Marriage - point of view....

CASE-1
Getting married is very much like going to a restaurant with friends. You order what you want, then you see the other fellow has, you wish you had ordered that.

CASE-2
At the cocktail party, one woman said to another "Aren't you wearing your wedding ring on the wrong finger?" The other replies, "Yes, I am. I married the wrong man".

Case-3
Man is incomplete until he is married. Then he is really finished.

CASE-4
Marriage is an institution in which a nab losses his bachelor's degree and the woman gets her master's.

CASE-5
A little boy asked his father, "Daddy, how much does it cost to get married?" The father replies, " I don't know son, I'm still paying for it."

CASE-6
Young son: Is it true, Dad.

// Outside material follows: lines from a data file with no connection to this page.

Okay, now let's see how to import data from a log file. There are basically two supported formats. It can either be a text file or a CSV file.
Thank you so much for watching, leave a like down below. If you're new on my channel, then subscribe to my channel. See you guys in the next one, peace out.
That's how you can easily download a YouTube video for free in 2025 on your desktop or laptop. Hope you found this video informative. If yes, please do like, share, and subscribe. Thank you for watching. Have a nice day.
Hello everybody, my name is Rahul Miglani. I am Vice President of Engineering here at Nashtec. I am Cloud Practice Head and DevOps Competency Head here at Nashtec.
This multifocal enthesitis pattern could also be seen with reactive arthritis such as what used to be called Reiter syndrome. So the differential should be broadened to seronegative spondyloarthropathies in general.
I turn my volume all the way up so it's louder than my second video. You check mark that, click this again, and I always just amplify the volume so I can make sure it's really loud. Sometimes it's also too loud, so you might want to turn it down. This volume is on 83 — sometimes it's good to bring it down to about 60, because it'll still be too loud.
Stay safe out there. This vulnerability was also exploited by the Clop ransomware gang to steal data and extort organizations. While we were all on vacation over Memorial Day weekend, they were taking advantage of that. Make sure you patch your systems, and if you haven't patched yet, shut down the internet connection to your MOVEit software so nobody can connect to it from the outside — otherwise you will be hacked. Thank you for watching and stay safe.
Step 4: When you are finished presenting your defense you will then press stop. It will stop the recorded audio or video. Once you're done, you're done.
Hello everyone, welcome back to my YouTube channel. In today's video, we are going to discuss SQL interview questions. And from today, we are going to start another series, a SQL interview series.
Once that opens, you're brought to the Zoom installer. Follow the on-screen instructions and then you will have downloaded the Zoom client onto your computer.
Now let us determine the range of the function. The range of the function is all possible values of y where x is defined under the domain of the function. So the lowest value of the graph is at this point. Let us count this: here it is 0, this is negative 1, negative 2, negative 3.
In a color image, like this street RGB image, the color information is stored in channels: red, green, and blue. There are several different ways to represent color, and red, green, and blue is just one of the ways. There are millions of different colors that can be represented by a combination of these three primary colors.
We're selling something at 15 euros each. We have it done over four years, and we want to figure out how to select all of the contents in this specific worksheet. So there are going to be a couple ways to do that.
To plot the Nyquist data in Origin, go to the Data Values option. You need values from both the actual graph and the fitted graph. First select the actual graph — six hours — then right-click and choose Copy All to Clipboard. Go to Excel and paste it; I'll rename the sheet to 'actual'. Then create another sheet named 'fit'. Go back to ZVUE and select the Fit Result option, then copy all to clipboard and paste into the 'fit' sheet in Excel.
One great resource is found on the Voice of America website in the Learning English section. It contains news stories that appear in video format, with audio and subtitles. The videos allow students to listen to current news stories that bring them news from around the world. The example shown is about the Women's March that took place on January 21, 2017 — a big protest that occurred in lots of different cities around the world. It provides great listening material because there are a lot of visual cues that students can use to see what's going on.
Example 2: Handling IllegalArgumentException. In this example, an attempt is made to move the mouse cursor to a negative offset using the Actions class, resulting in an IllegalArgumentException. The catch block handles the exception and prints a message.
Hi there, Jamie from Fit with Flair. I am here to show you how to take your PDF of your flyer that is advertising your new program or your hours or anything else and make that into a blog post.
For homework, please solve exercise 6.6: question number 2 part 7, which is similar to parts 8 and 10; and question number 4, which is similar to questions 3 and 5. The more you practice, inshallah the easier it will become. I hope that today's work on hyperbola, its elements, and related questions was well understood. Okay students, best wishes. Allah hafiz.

I heard that in some parts of Africa, a man doesn't know his wife until he marries her?" Dad: "That happens in all counties son."

CASE- 7
The there was a man who said, "I never knew what real happiness was until I got married, and then it was too late."

CASE-8
A happy marriage is a matter of give and take; the husband give and the wives take.

CASE-9
After a quarrel, a wife said to her husband. "You know, I was a fool when I married you." And the husband replied, "Yes, dear, but I was in love and didn't notice it."

CASE-10
When a man opens the door of his car for his wife, you can be sure of one thing; either the car is new or his wife.